Records from a dataset:
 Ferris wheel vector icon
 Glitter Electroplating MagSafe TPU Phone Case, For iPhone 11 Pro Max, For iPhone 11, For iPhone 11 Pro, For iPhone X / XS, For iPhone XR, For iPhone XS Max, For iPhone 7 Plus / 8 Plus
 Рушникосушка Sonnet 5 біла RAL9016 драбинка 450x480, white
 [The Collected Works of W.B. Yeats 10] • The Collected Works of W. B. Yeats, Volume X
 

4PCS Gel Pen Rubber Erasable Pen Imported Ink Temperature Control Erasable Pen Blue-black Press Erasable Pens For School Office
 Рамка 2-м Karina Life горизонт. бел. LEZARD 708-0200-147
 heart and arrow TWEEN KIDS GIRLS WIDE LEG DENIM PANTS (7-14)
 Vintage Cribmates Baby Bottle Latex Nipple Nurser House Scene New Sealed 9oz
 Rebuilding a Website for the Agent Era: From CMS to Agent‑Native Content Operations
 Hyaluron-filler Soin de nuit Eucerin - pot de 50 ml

...

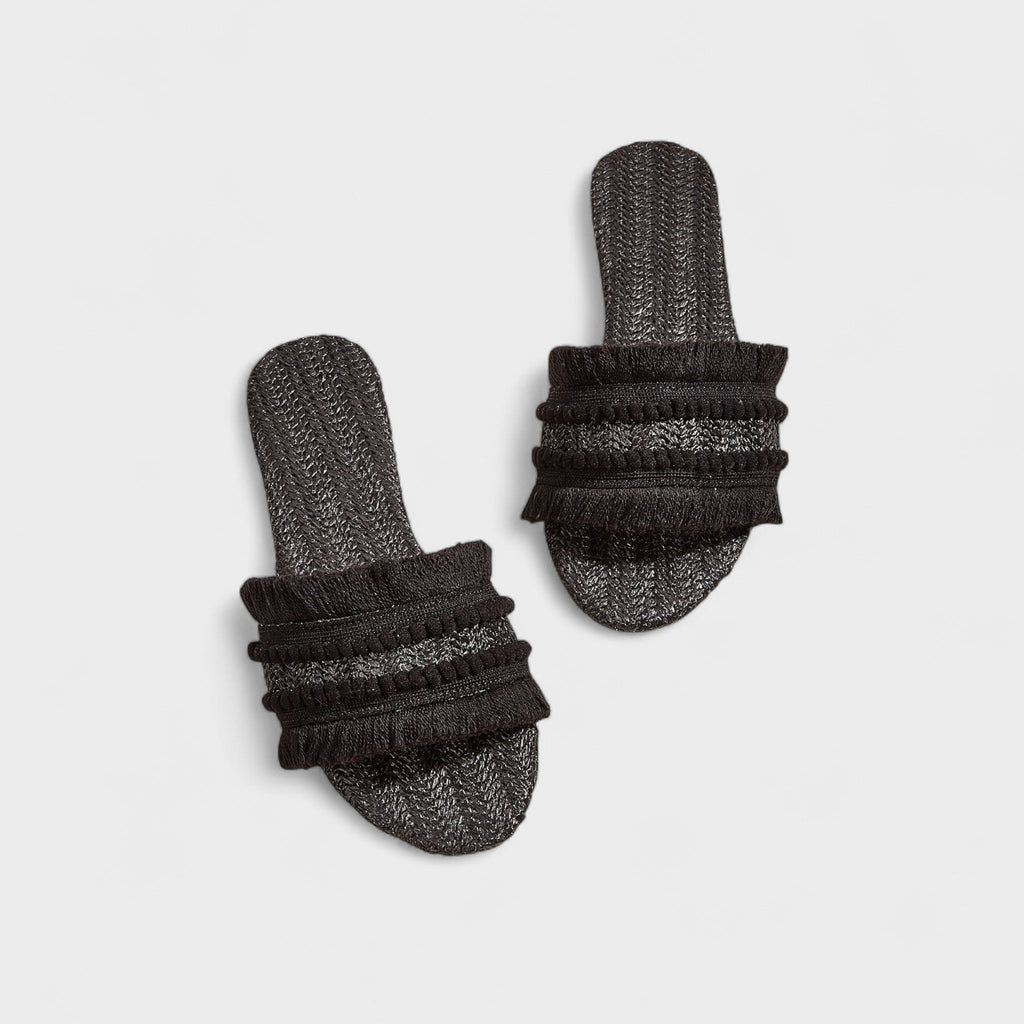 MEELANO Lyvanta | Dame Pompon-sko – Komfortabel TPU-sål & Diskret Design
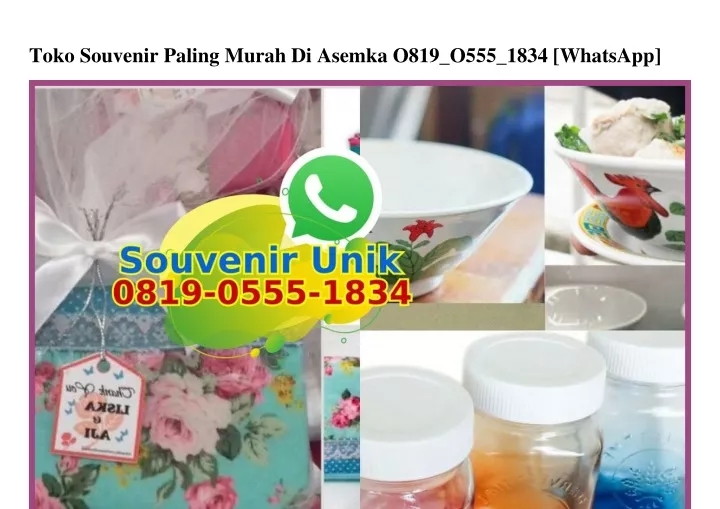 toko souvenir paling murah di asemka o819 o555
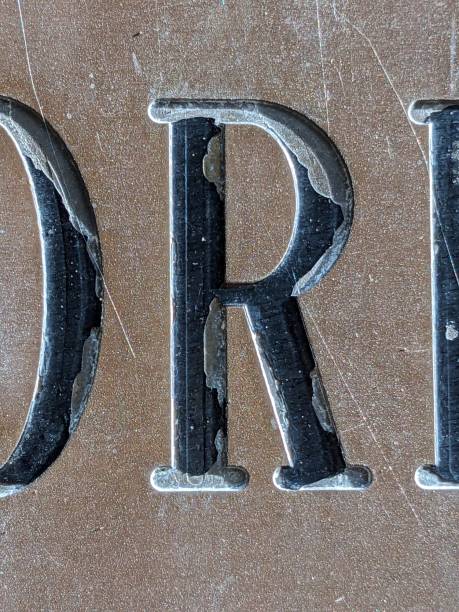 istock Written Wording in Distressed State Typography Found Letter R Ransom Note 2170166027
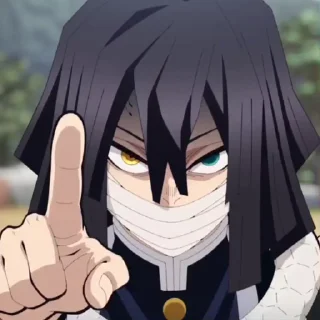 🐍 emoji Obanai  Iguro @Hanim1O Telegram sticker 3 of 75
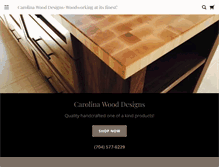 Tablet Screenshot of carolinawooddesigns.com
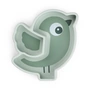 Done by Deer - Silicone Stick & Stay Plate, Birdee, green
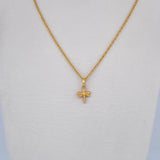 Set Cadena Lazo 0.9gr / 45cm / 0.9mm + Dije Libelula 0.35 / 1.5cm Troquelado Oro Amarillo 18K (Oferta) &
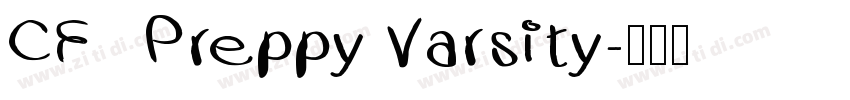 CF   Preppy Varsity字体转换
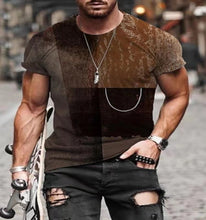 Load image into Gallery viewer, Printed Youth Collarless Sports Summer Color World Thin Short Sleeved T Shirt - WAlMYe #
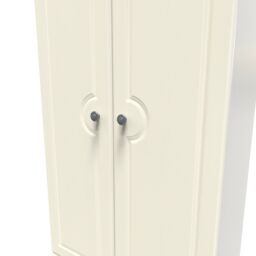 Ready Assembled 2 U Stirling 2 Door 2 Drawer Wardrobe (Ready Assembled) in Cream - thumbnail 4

- What the task asks
Give again the stretch of lines above from the one with "MEELANO Lyvanta |" through the one with "Ready Assembled 2", both ends kept, and copy no pictures.

- Expected output
 MEELANO Lyvanta | Dame Pompon-sko – Komfortabel TPU-sål & Diskret Design
 toko souvenir paling murah di asemka o819 o555
 istock Written Wording in Distressed State Typography Found Letter R Ransom Note 2170166027
 🐍 emoji Obanai  Iguro @Hanim1O Telegram sticker 3 of 75
 Tablet Screenshot of carolinawooddesigns.com
 Done by Deer - Silicone Stick & Stay Plate, Birdee, green
 Set Cadena Lazo 0.9gr / 45cm / 0.9mm + Dije Libelula 0.35 / 1.5cm Troquelado Oro Amarillo 18K (Oferta) &
 CF   Preppy Varsity字体转换
 Load image into Gallery viewer, Printed Youth Collarless Sports Summer Color World Thin Short Sleeved T Shirt - WAlMYe #
 Ready Assembled 2 U Stirling 2 Door 2 Drawer Wardrobe (Ready Assembled) in Cream - thumbnail 4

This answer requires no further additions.